6. Re-graded under the classification policy
/research/classification-policy (adopted this session) weights errors by cost: false-ACCEPT and under-escalation are the only expensive classes; conservative errors are nearly free (a recoverable deduction, never the veil). Through that lens this run's raw "5 verdict mismatches" resolve into:
| Failure | Policy class | Real cost |
|---|---|---|
| j006 never adjudicated | false-accept-by-omission | The one genuinely dangerous failure — fixed structurally by default-personal + referral invariant |
| j014 dinner auto-accepted w/ self-computed allocation | under-escalation | Expensive class — the escalation-trigger fix targets it |
| j008 jacket auto-HELD | under-escalation, but in the conservative direction | Cheap: Maya loses a maybe-deduction until the CPA sweep recovers it |
| j012/j020 over-escalations | conservative noise | Cheap: burns a human minute, recovers at filing |
| j021 held instead of conditionally accepted | conservative noise | Cheap |
Two real problems, both with structural fixes — not five. The policy isn't just legally safer; it's the correct scoring function for the system's own development.
7. Calendar note
RA renewal caught urgent with consequences spelled out. The Colorado periodic report was listed with the correct window but severity-downgraded to "upcoming" despite the window having been open for a week — half credit; the deadline-pressure framing ("window open NOW" vs "due by September") needs the same urgency logic that caught June's 5-day estimated-tax landmine in month 01.

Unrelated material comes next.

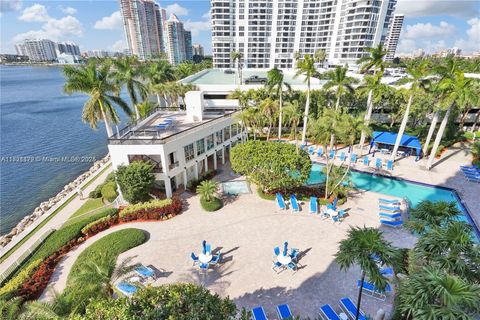 A home in Aventura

8. Month 03 agenda (since executed — see Synthetic Month 03: PASS, zero expensive-class errors)
- Escalation trigger rewritten: contested-doctrine/judgment-allocation → human; clear-rule-plus-arithmetic → self-resolve, regardless of dollar size.
- Referral completeness invariant (no unruled flags; unruled → personal-pending by default).
- Verdict-label coherence check (machine-validate that verdict fields match their own reasoning).
- Heavy month (150+ transactions) for the cost distribution.
- Re-test the same Maya rationalizations against the fixed boundary — regression suite, not new fixtures.